*Task to carry out*
Using the records below, output the stretch that opens with the line containing "コーポHARU 2階2LDKのリビング/ダイニング" and closes with the line containing "Das Laub acryl van Marina Guiu", exactly and including both lines, with nothing more.

*Data records*
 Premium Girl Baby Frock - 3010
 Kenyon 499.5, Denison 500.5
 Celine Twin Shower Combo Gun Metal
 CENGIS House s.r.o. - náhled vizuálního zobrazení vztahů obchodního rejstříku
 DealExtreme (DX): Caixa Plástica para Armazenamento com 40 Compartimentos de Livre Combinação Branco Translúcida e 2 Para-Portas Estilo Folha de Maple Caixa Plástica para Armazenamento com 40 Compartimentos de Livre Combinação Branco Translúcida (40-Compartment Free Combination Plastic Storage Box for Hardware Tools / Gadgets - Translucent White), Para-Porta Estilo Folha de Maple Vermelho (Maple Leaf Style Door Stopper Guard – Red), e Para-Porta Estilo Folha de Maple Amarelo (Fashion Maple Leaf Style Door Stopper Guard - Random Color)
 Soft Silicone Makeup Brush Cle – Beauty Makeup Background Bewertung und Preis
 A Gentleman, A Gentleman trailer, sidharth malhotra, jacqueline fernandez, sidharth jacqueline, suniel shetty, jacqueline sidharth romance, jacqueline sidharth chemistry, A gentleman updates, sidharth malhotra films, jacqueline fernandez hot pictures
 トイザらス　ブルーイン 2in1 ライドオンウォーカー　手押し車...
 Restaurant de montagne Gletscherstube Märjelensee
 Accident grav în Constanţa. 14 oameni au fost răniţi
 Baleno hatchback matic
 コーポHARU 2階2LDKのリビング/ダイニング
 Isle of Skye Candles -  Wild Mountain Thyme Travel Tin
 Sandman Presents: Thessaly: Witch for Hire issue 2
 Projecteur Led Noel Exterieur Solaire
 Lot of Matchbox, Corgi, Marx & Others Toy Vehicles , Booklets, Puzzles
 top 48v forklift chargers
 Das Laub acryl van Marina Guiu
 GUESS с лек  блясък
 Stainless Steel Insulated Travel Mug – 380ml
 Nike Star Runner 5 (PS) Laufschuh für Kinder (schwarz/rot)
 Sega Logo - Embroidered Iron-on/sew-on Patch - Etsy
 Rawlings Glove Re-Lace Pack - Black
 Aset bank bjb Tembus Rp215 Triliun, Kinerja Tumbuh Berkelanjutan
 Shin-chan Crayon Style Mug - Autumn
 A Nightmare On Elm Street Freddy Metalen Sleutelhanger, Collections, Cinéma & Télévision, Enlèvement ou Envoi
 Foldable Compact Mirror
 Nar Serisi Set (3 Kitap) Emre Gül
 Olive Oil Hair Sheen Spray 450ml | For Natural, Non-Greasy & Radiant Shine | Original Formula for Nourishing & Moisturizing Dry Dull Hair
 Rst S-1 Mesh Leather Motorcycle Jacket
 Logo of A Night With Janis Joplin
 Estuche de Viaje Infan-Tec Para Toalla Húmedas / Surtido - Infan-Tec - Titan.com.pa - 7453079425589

*Answer to this exercise*
 コーポHARU 2階2LDKのリビング/ダイニング
 Isle of Skye Candles -  Wild Mountain Thyme Travel Tin
 Sandman Presents: Thessaly: Witch for Hire issue 2
 Projecteur Led Noel Exterieur Solaire
 Lot of Matchbox, Corgi, Marx & Others Toy Vehicles , Booklets, Puzzles
 top 48v forklift chargers
 Das Laub acryl van Marina Guiu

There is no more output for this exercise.